Será essa a razão para gostarmos tanto dos anos 80? Será apenas um gostar de uma
época que já passou? Estaremos nós a achar que o presente é pobre apenas e só
porque nos sentimos pouco satisfeitos com a vida que levamos? Apenas porque a
humanidade sempre se comportou assim?
Ainda que isso possa ter um fundinho de verdade, não será a razão maior.
Considero que a época dos anos 80 foi diferente a muitos níveis. Teve um tanto de
kitsch (as decorações das casas meio estranhas, as almofadas ou os bonecos que
decoravam a parte de trás dos carros, os chumaços nas camisolas, os grandes
bigodes neles e os volumosos cabelos nelas) e outro tanto de genialidade e
novidade. Não podemos esquecer que, em Portugal, esta é a geração pós-25 de
Abril.

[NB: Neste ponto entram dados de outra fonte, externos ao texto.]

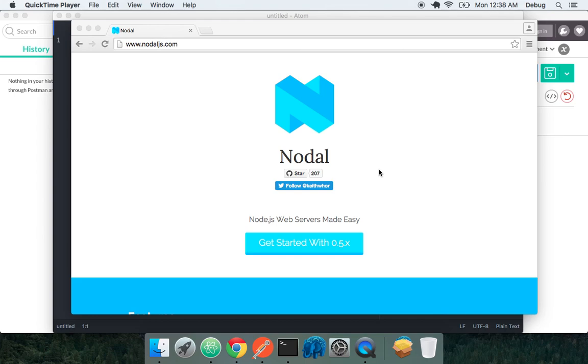Hey everyone, my name is Keith Horwood and I'm really excited to show you a project I've been working on for a little while now called Nodal. Now what Nodal is is a Node.js web server and framework that's built with the developer in mind to make it really easy for you to get up a new Node.js server project and really introduce you to the Node.js ecosystem as well as modern JavaScript idioms and syntax.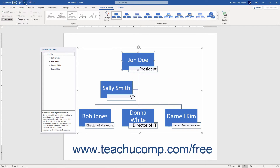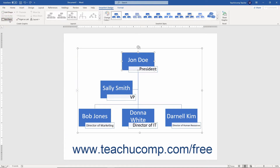To add a new bullet point to a bulleted list if your SmartArt supports bullet points, click the Add Bullet button. To toggle the display of the text pane associated with the SmartArt graphic on or off, click the Text Pane button.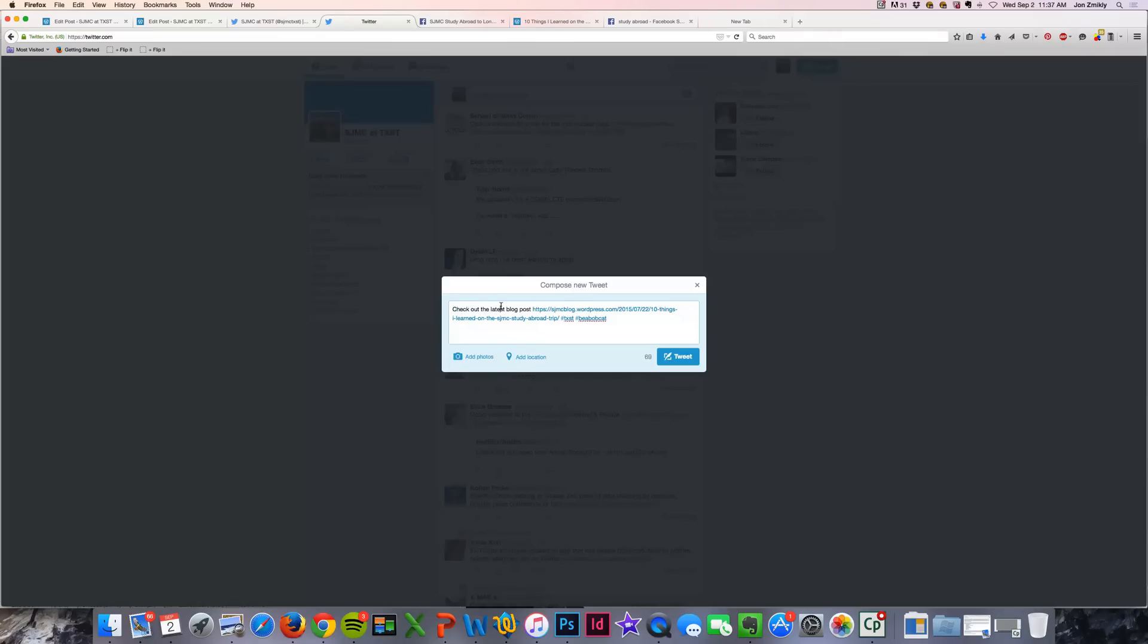So you can either do it automatically through WordPress, or you can copy and paste that URL of the post and put it within a tweet, and then press Tweet.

A primeira em muitos anos a ter crescido num ambiente de liberdade, onde
não se sentia o peso da guerra colonial e onde existia liberdade de expressão. As
crianças dessa década terão sido, eventualmente, as últimas a crescer num clima
de total liberdade: as bicicletas pela estrada fora, as brincadeiras no campo até ao
cair da noite, os encontros com os amigos na rua, apenas e só para conversar. Nada
disso é possível nestes dias. Ainda que tivéssemos tido as crises financeiras de 1977
e 1983, assistimos ao surgimento de uma classe média que tentava reproduzir
padrões de consumo associados às sociedades europeias mais avançadas. Tudo
tinha um gosto de novidade e era aceite de braços abertos. A novela Gabriela,
Cravo e Canela conseguia parar o país. Os próprios horários do Parlamento foram
alterados para que os deputados pudessem assistir ao último episódio desta
novela. A nível mundial, foram os tempos das “grandes bandas”, como USA for
Africa ou Band Aid. Acreditava-se no poder da música, acreditava-se que com ela
se podia tornar o mundo um sítio melhor para viver. E a verdade é que se fez
música, nessa época, intemporal. Quem não gosta de ouvir e quem não canta a
plenos pulmões o We are the World nas muitas vezes que passa na rádio?